I think I speak for the team when I say that Perpignan was one of our favorite sites. We adored the small cobblestone streets, abundance of shops, and staggering castle, which casually sat in the city center. We rode the carousel in an open square and tried every cheese for sample in the market after conversing with the honey merchant. The team became hooked on French cappuccinos decorated with whipped cream during our pregame meal in the same market area.

During our free days we had the privilege of exploring the region with trips to the quintessential French-Mediterranean coastal city of Coullieure and to Carcassonne, a UNESCO world heritage medieval walled-city. The coast proved to be the perfect location to relax after fighting through two tough matches along with two practice days. The air was invigorating and the scenic port was accompanied by all the gelato flavors we could fathom along with drinkable chocolate of 32 varieties.

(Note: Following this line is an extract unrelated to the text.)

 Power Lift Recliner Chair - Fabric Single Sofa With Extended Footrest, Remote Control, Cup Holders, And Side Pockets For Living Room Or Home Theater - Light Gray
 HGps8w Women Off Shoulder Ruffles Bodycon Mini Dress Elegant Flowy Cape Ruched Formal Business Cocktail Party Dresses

Lastly, we made our way to Toulouse as our final destination. Our rugby match in Toulouse was quite unconventional. We traveled over an hour outside the city to find the Castres Rugby Feminin club which had invited us to play, and began the evening with a joint training session led by two local coaches. Once we finished various drills and scrimmages, we transitioned into a full 15 v 15 game. This last match was a fantastic opportunity to work in new players and try teammates at different positions. The referee continued the game over the given time, which was to no one's complaint. After this period, the teams mixed so that each side had an equivalent mix of American and French players. By far, this proved to be the most interesting and amusing match. Our language barrier was once again an entertaining hurdle, as vocabulary such as "left, right", "gauche, droit", "ici", and "ball" were thrown around. All in all, the match ended in laughter and another joyful reception with nothing other than cheese, bread, chocolate and wine. Coaches exchanged gifts, players exchanged stories, and everyone exchanged dance styles.

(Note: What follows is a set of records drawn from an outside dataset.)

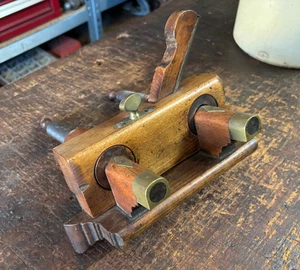 Antique Robert Sorby Beech Plough Plane. Old Cabinet Makers Tool Made in England - Bild 1 von 17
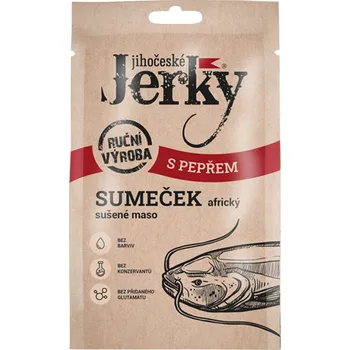 Sušené maso Jihočeské Jerky Sumeček africký s pepřem 15g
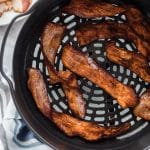 crispy bacon in the ninja foodi air fryer basket
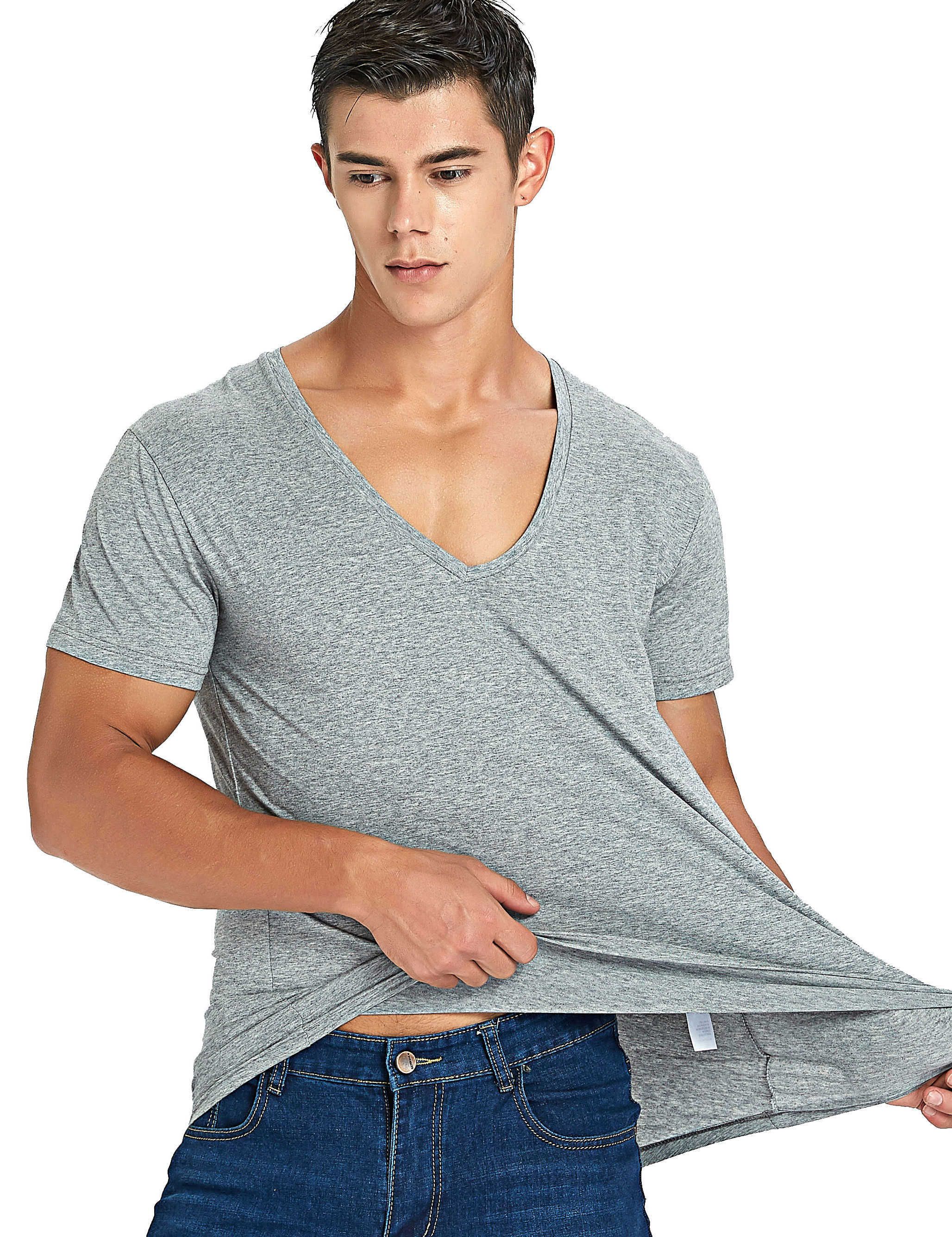 T shirt uomo scollo profondo Clearance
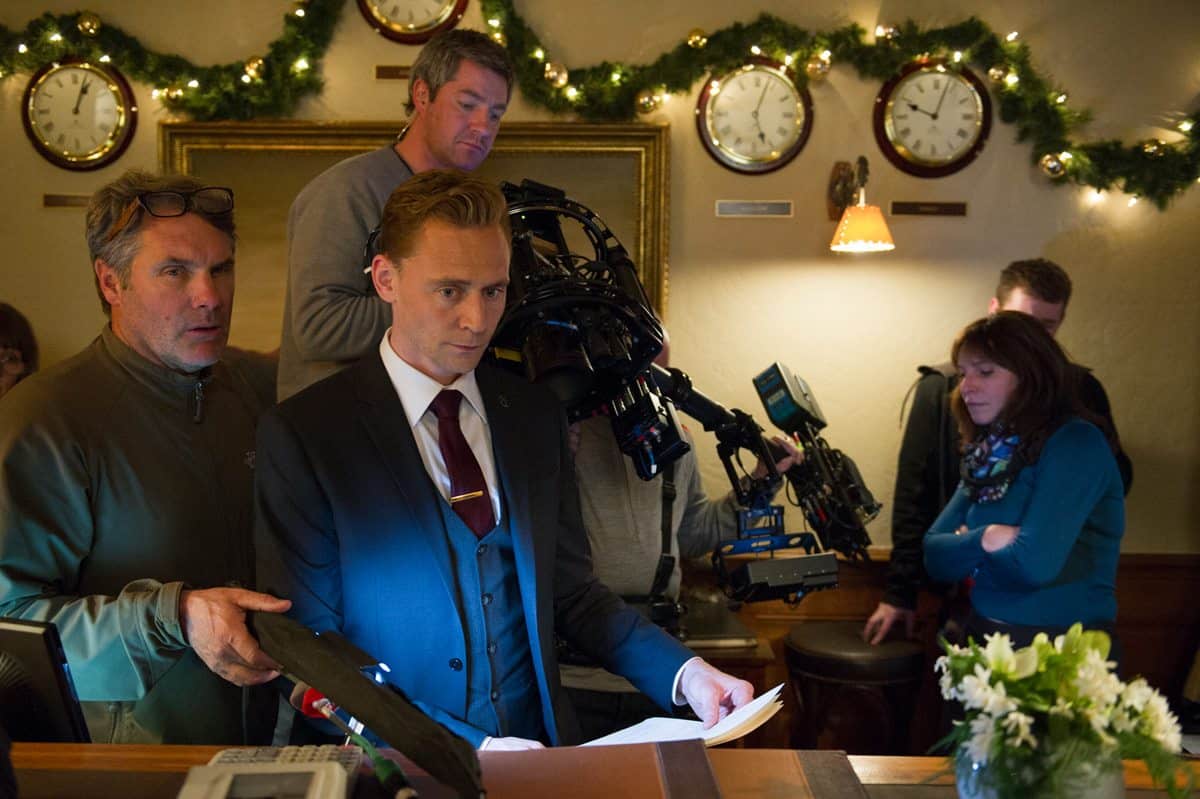 Cinematographer Michael Snyman and Tom Hiddleston as Jonathan Pine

We ended our tour with one final day of walking the streets of Toulouse, taking in museums, cathedrals and parks. Last minute shopping and gift collecting was in order, as well as those final chances to find a macaroon or chocolate croissant. The unpredictable rain showers proved to be no match for the myriad of stores available for us to take shelter in. We finished off the night with a final team dinner at a Creperie where we lavished in our final tastes of France through savory crepes and Toublerone sundaes.

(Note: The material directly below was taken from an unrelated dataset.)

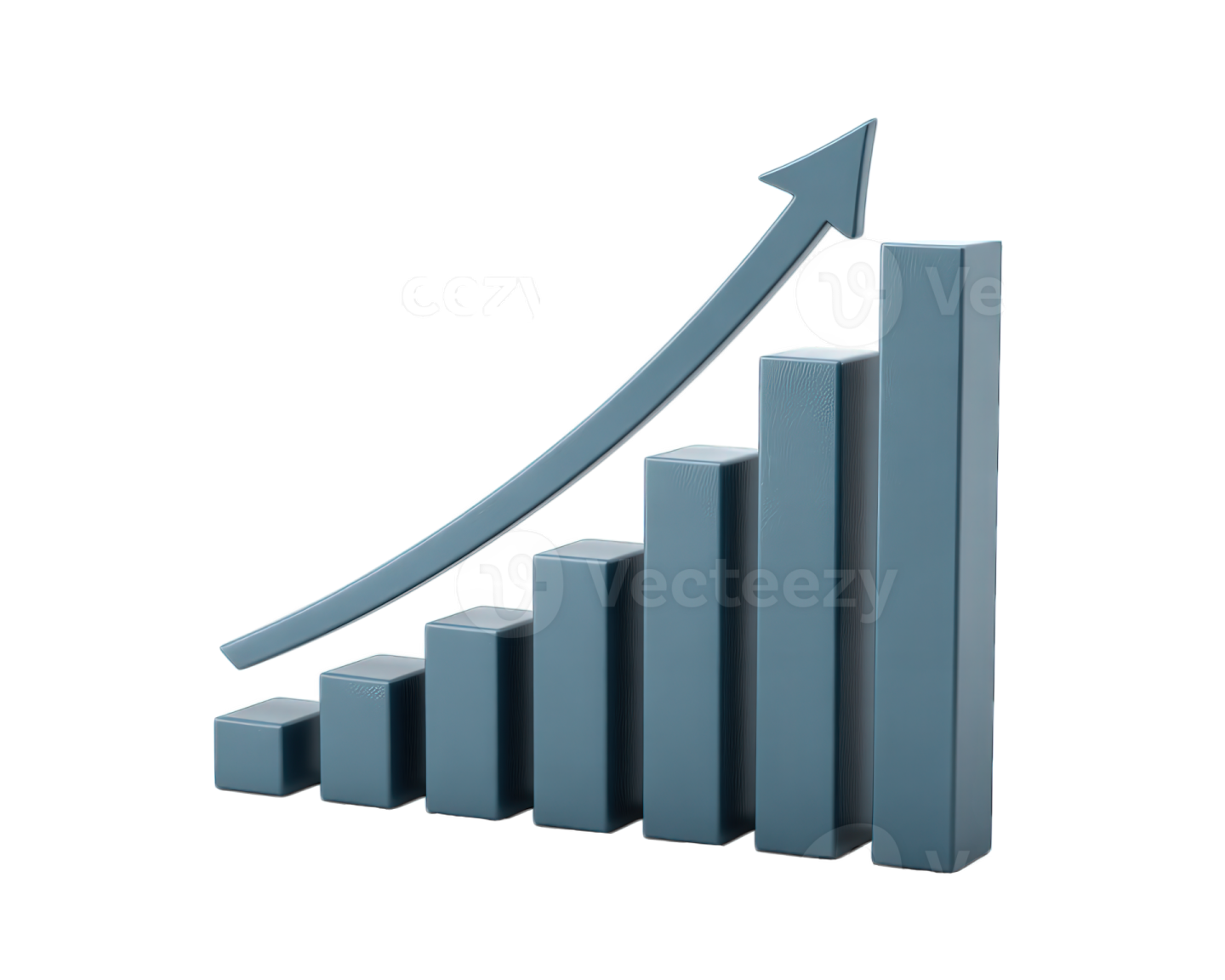 a graph bar chart with an arrow pointing upward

Europe was certainly an adventure, which provided the perfect environment for rugby development. With every bruise we endured from a seasoned opponent, there was a nutella crepe at night to balance out the pain. Simultaneously, we learned what our team must work on before nationals, and we learned there really is no limit to how much cheese one can eat. We appreciate all of the hard work our coaches, alumni, planning committee and Bowdoin College put into making this experience possible for our entire team to share during spring break.